Think about what you already know about the client and work on building a good rapport with them. This may sound mercenary, but it is simply an important part of how business works, especially sales businesses. Building good rapport is all about making yourself easy to work with, appreciating the character and needs of your client and taking them into consideration. You don’t have to become great mates but you do have to have a mutual feeling that you can do business together.

Listen to What the Client Tells You

This may sounds obvious, but it is amazing how few sales people actually listen to what the client says when they are talking about the pitch. It is rare that a sales person is expected to just go and pitch to a new client without any conversation before hand – however short the phone call is to make the meeting.

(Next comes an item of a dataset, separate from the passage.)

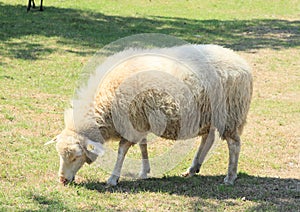 Furry sheep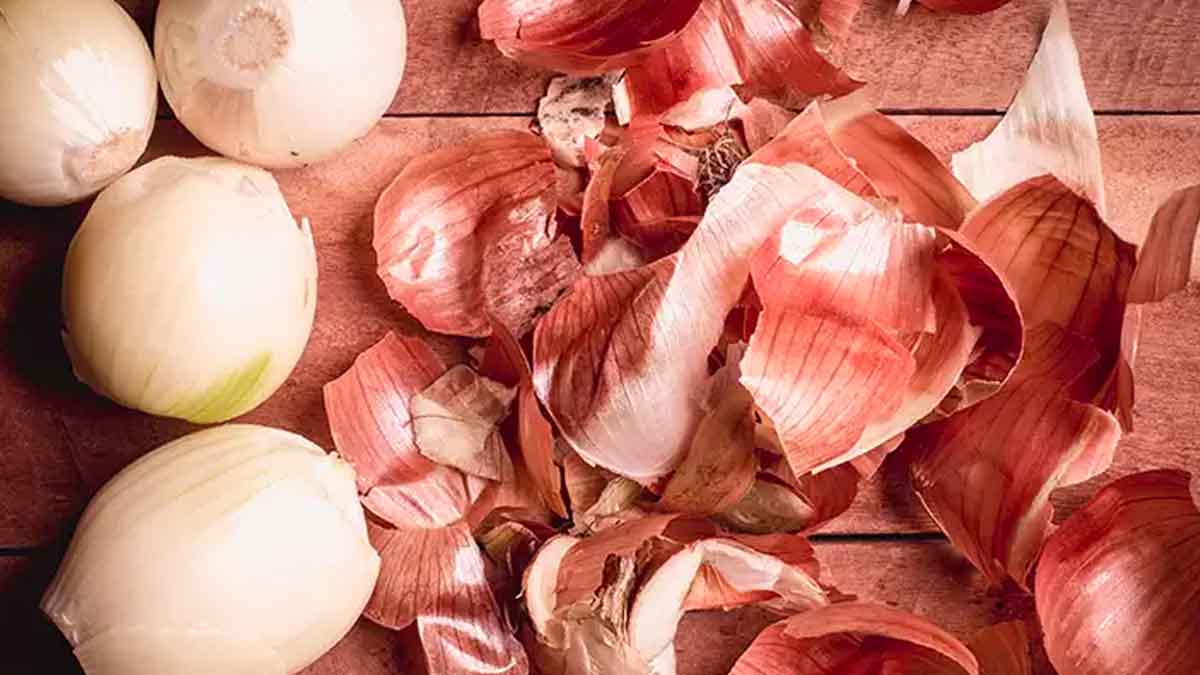 many wonderful health benefits of onion peels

Not only should you take care to listen to what the client tells you but you should also research them and their company as much as possible. The joys of the Internet have made company research so much easier and, by using a variety of media, you can get a good cross section of the company and its aims.

If you are able to have a direct conversation about your client’s requirements before the pitch meeting, take plenty of notes and have your wits about you. This is not the day to turn up hung over and thinking about where to buy a bacon sandwich. You need to remember every detail in order to make sure that your pitch is perfectly in tune with their needs.

Making the Pitch

If you have built a good rapport with your client and listened to every detail of their needs – especially those subconsciously hinted at ones that will show just how in tune you are – making the pitch and closing the deal should be a piece of cake.

Be careful not to overplay just how chummy you are though as this can really irritate a client. You still need to be professional when you are making the pitch, especially as there are likely to be other client team members present that you do not know so well.

Incorporate everything you have learned about the client in the pitch and you are far more likely to sell to them as you will have proved that you have an understanding of their business and how you can respond to their needs.